Updates on KBibTeX
Jan. 7th, 2016 10:23 pmIn this posting, I am going to tell about the changes and development done in KBibTeX during the last few months. Most notably, KBibTeX has been ported to KDE Frameworks 5, but also some effort has been spent into code quality.
Port to Frameworks
Since Spring 2015, I have been working on a KDE Frameworks 5 (KF5) port of KBibTeX. In August, this KF5 port has become master and the last KDE 4 version resides in branch kbibtex/0.7 which is still due to be released. Except for the major refactoring for KF5, both master and kbibtex/0.7 are still quite similar.
The KF5 version is stable enough for (my) daily work and from bug reports I know that some people are already using it. For everyone who tries to run a Frameworks/Plasma 5-exclusive environment, I can recommend this version.
For both kbibtex/0.7 and master (which would become version 0.8) I plan to make releases really soonTM. Some known bugs need to be addressed and then building of tar balls for alpha/beta/rc releases can start. Some fixes will be ported to kbibtex/0.6 as well and there will be a minor bugfix release for 0.6 as well.

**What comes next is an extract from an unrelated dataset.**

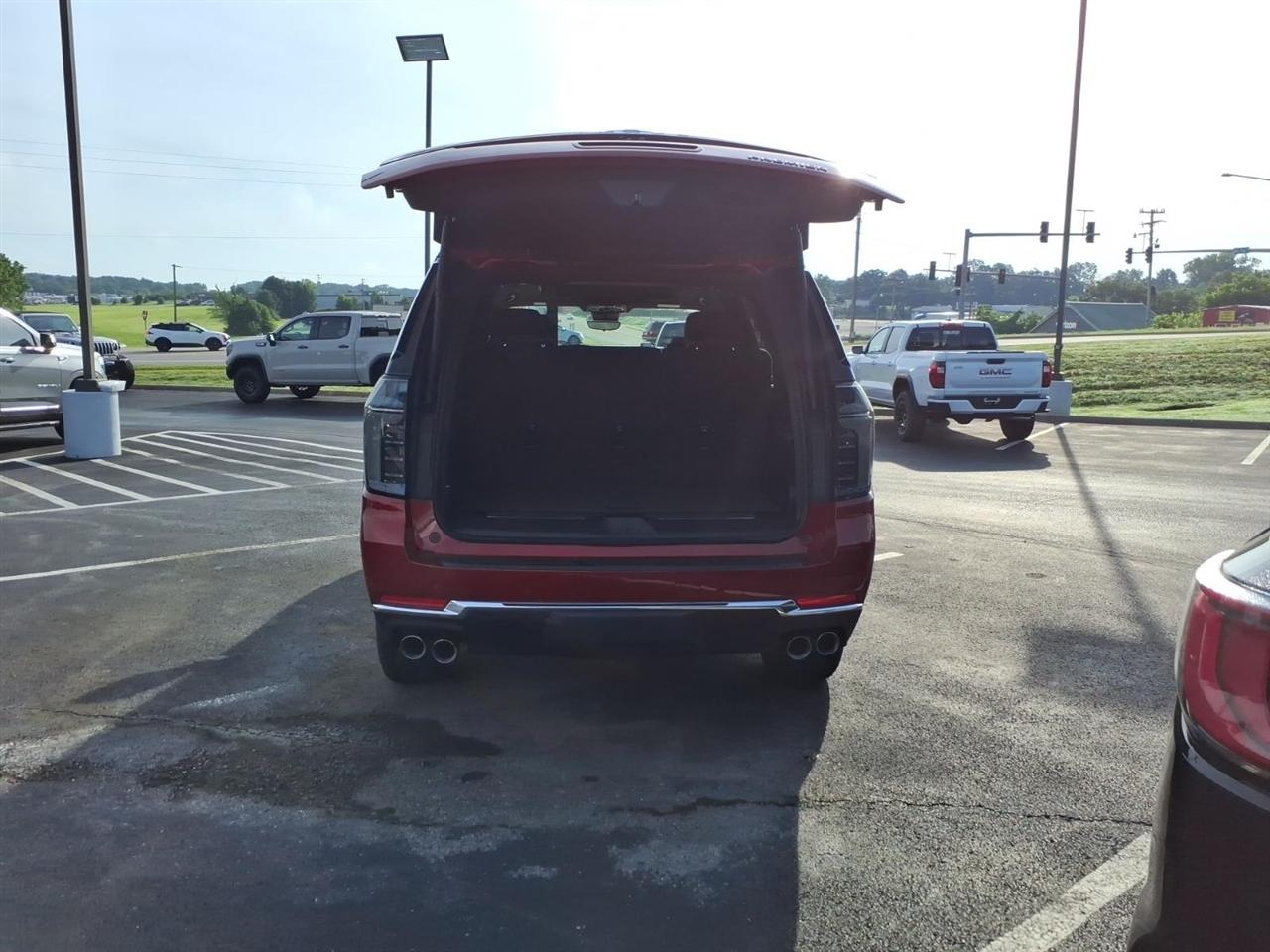 Chevrolet Tahoe 4WD 4dr Premier 2026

Now, if those names like kbibtex/0.6 or master have been confusing, please see my posting from June as well as the development documentation.
Code Quality
The other large focus next to the KDE Frameworks 5 port was code quality using code analysis tools. In particular, I am employing three tools:
- Coverity Scan is a commercial tool, but offers to scan open source projects for free. Very useful at identifying dead code, uninitialized variables, bad memory management. It even found a copy&paste errors where variables were renamed inconsistently. Some hard-to-trace crashes have been identified as well. This tool can be strongly recommended. Usage requires to compile your code with a special wrapper provided by Coverity that generates a considerable amount of data that needs to be packed and uploaded to Coverity for analysis (automation for CI possible).

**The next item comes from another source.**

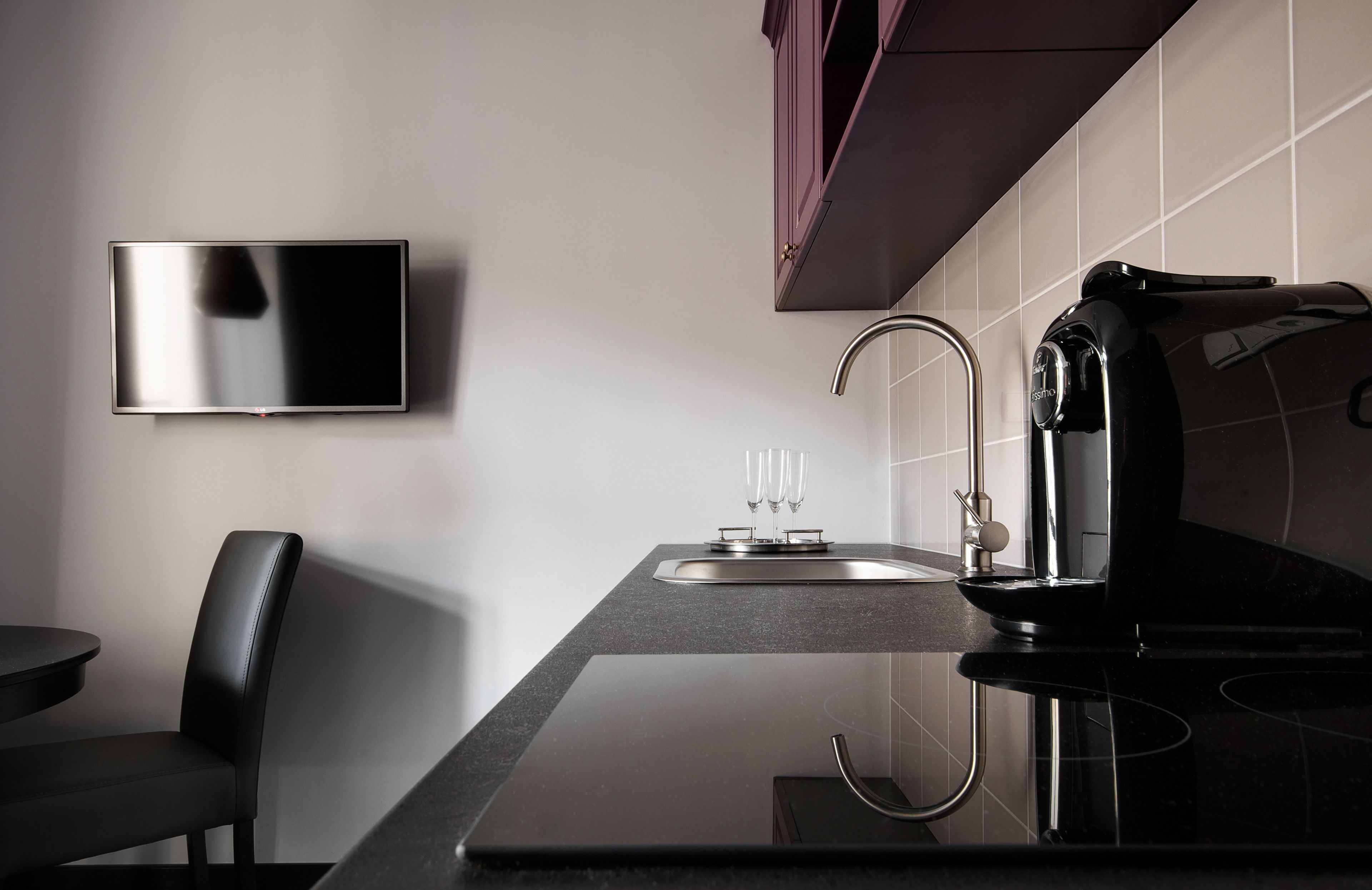 Foto - Too-Good Apartments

- Krazy 2 through the English Breakfast Network. This tool I have been using the longest. From what I understand, most recommendations are more about ‘best practice’ than finding ‘real’ bugs. Still very useful and no overhead for a developer as EBN does make automated Git checkouts to run Krazy.
- Clazy is the new kid on the block. It makes use of LLVM/Clang and checks code for proper use of Qt-specific features such as efficient construction of strings without temporary instances. Maybe of less usefulness for non-Qt projects, but very helpful to Qt/KDE projects. It requires a bleeding-edge LLVM and there are only few Linux distributions (e. g. ArchLinux) that ship such a version by default at the time of writing.
I don't recall seeing any overlap in identified issues between those three tools, so for best results in your code, you should use all three.
By now virtually all issues and warnings found by those three tools have been fixed in KBibTeX, at least in the master branch. Some fixes have been backported to older branches. I recommend to check out the Git logs, as messages state which code checker a commit/change was due.
DBus
One major feature currently under development and one of the largest external code contributions in recent times is DBus support by Shunsuke Shimizu. With ‘support’ I mean that you can remotely control KBibTeX via DBus. As of now, basic operations such as opening, saving, and closing files as well as inserting elements exist. The code resides in a special branch (branch bugs/kde332380 in repository clones/kbibtex/thomasfischer/kbibtex.git) for the bug report originally requesting DBus support. An example Python 3 script demonstrates how to control KBibTeX through DBus.